Arrays actually act like both hash tables (associative arrays) and indexed arrays (vectors).

Single Dimension Arrays

PHP supports both scalar and associative arrays. In fact, there is no difference between the two. You can create an array using the list() or array() functions, or you can explicitly set each array element value.

 
$a[0] = "abc"; 
$a[1] = "def"; 
$b["foo"] = 13;
      

You can also create an array by simply adding values to the array. When you assign a value to an array variable using empty brackets, the value will be added onto the end of the array.

 
$a[] = "hello"; // $a[2] == "hello"
$a[] = "world"; // $a[3] == "world" 
      

Arrays may be sorted using the asort(), arsort(), ksort(), rsort(), sort(), uasort(), usort(), and uksort() functions depending on the type of sort you want.

You can count the number of items in an array using the count() function.
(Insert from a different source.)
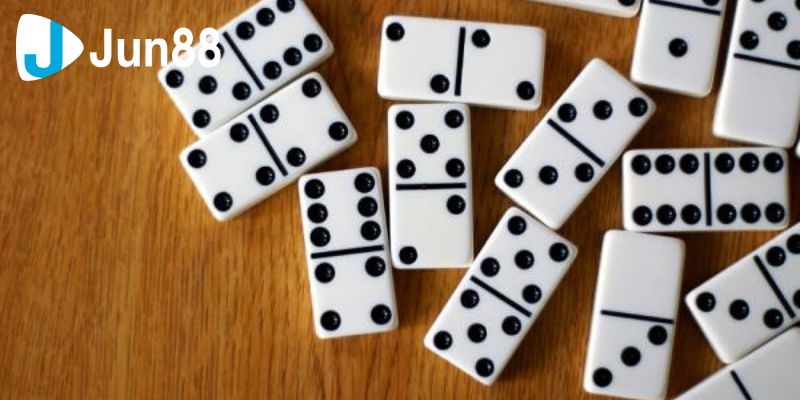 Cờ Domino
You can traverse an array using next() and prev() functions. Another common way to traverse an array is to use the each() function.

Multi-Dimensional Arrays

Multi-dimensional arrays are actually pretty simple. For each dimension of the array, you add another [key] value to the end:

 
$a[1]      = $f;               # one dimensional examples
$a["foo"]  = $f;   

$a[1][0]     = $f;             # two dimensional
$a["foo"][2] = $f;             # (you can mix numeric and associative indices)
$a[3]["bar"] = $f;             # (you can mix numeric and associative indices)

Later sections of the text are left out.